WHAT NEEDS TO BE DONE: The entries below contain a line with "KingMa Insta360 ONE" and a line with "Pat Smullen rides". Quote exactly those two lines and all lines between them.

EXCERPTED RECORDS:

┄┄┄┄┄┄┄┄┄┄┄┄┄┄┄┄┄┄┄┄

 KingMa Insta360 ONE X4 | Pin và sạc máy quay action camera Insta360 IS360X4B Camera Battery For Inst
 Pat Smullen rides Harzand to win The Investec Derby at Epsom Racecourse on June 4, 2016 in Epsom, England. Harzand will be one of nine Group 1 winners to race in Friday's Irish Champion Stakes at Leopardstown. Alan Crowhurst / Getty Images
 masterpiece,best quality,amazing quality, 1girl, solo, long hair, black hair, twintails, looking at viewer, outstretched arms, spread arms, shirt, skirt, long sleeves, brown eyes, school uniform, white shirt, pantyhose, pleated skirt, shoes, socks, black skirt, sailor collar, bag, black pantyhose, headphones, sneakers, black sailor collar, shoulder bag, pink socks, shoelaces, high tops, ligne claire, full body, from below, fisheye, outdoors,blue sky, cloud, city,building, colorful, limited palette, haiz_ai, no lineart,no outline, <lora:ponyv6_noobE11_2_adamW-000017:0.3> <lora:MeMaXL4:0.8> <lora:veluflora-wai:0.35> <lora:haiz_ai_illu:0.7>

┄┄┄┄┄┄┄┄┄┄┄┄┄┄┄┄┄┄┄┄

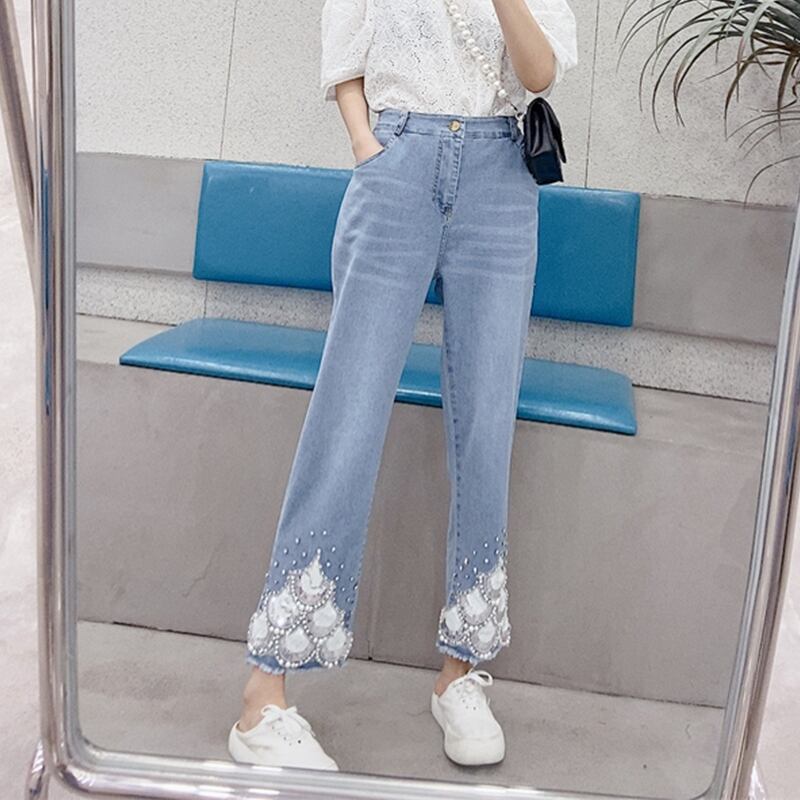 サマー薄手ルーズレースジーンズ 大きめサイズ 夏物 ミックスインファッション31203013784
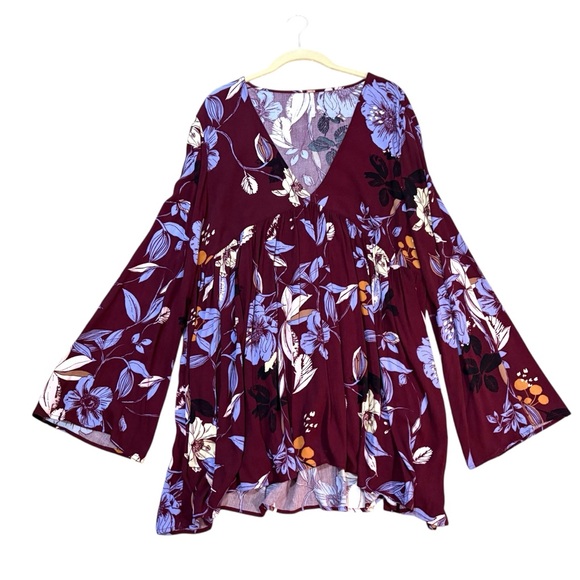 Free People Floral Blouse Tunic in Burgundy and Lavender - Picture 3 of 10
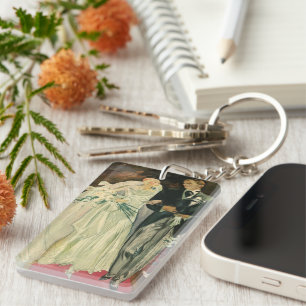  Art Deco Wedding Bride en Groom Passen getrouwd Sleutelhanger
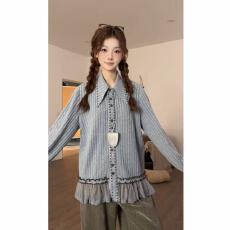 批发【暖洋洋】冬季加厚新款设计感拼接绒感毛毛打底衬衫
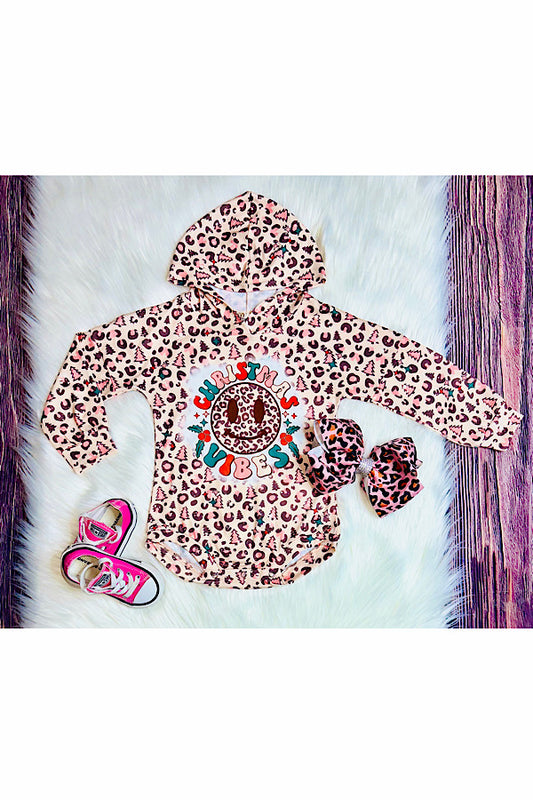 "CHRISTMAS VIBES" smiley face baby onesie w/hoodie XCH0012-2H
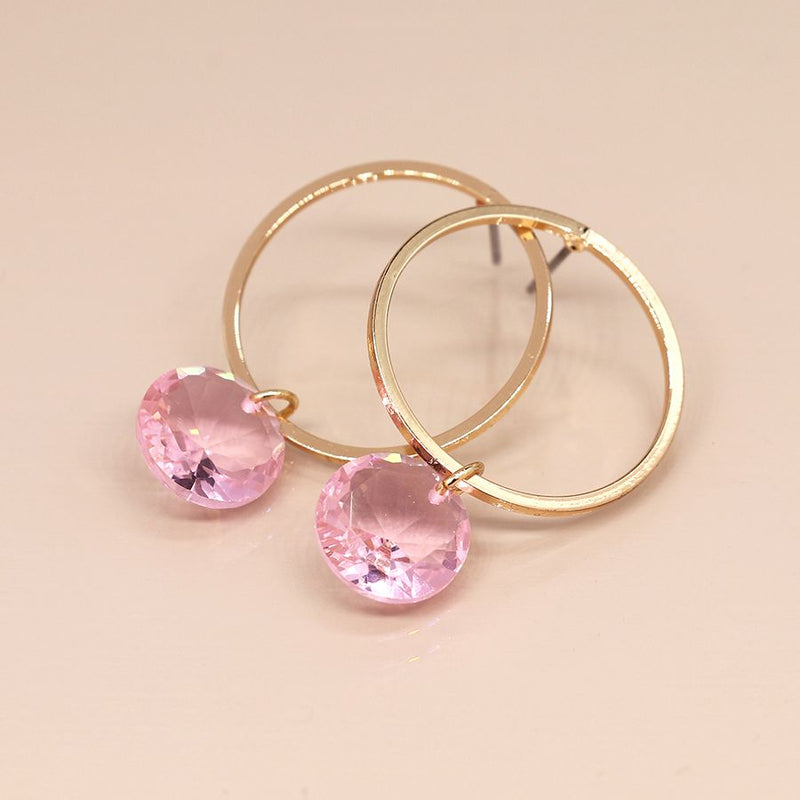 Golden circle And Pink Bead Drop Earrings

┄┄┄┄┄┄┄┄┄┄┄┄┄┄┄┄┄┄┄┄

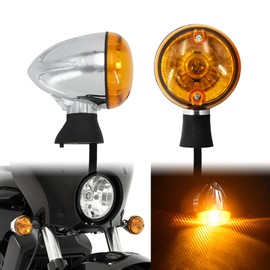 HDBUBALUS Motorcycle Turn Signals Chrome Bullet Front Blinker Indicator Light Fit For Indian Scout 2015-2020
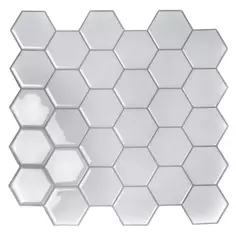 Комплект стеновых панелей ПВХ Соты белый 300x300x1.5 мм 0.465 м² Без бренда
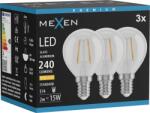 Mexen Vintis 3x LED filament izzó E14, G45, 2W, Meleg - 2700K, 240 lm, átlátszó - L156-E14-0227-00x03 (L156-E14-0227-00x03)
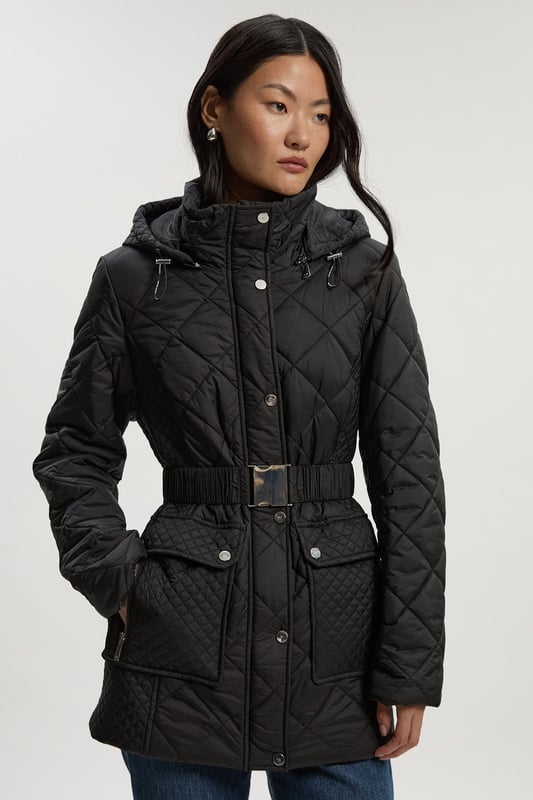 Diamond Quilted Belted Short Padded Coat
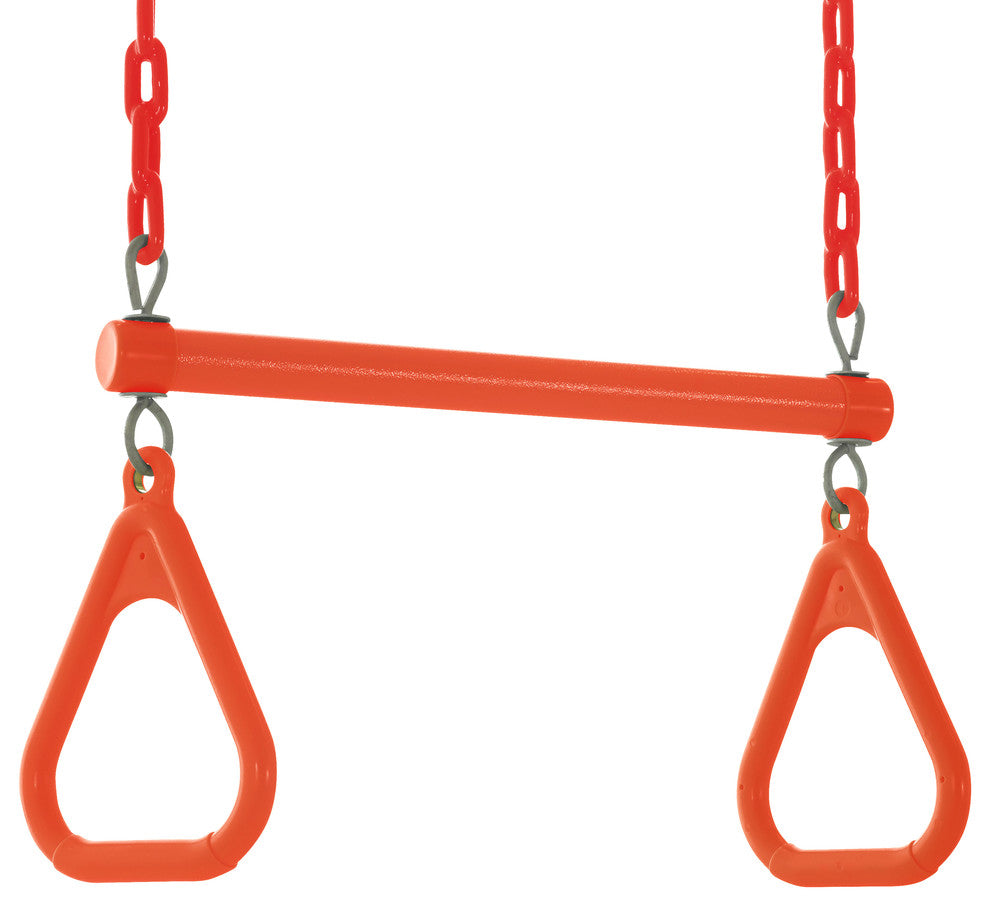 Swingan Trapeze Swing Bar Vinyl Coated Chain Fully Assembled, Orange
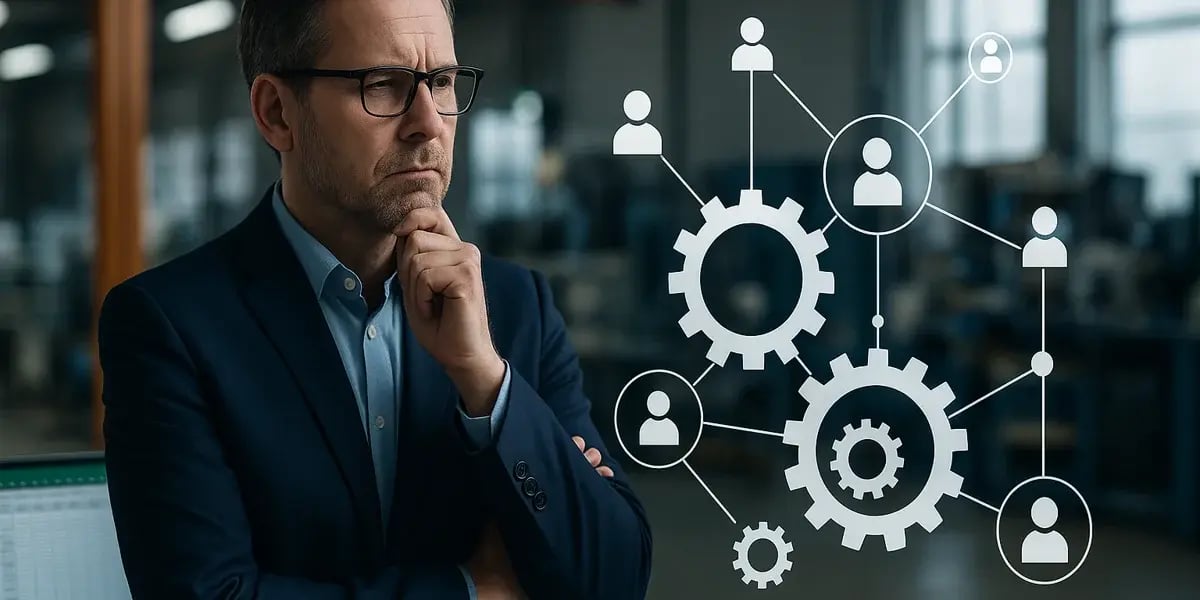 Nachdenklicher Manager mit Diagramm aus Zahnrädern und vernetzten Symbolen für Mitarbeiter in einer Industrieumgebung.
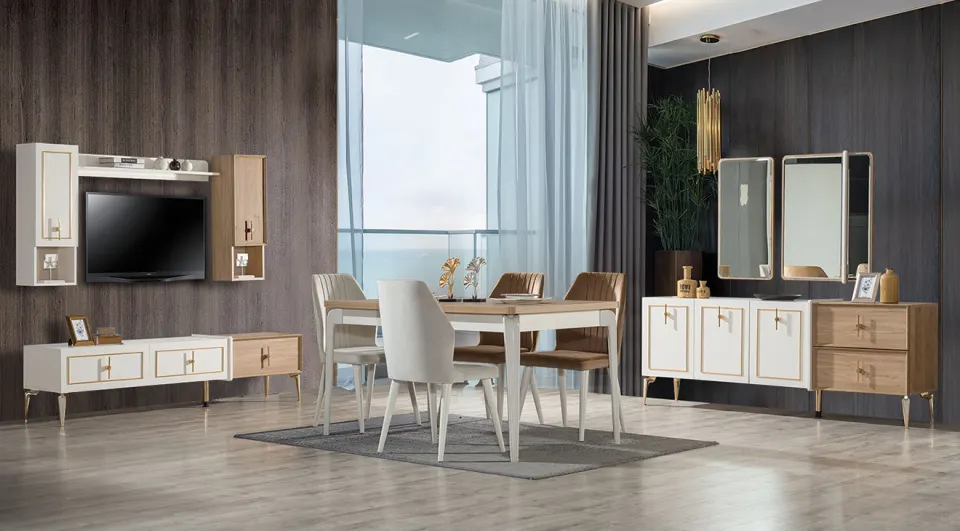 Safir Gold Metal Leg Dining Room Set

┄┄┄┄┄┄┄┄┄┄┄┄┄┄┄┄┄┄┄┄

WRITTEN ANSWER:
 KingMa Insta360 ONE X4 | Pin và sạc máy quay action camera Insta360 IS360X4B Camera Battery For Inst
 Pat Smullen rides Harzand to win The Investec Derby at Epsom Racecourse on June 4, 2016 in Epsom, England. Harzand will be one of nine Group 1 winners to race in Friday's Irish Champion Stakes at Leopardstown. Alan Crowhurst / Getty Images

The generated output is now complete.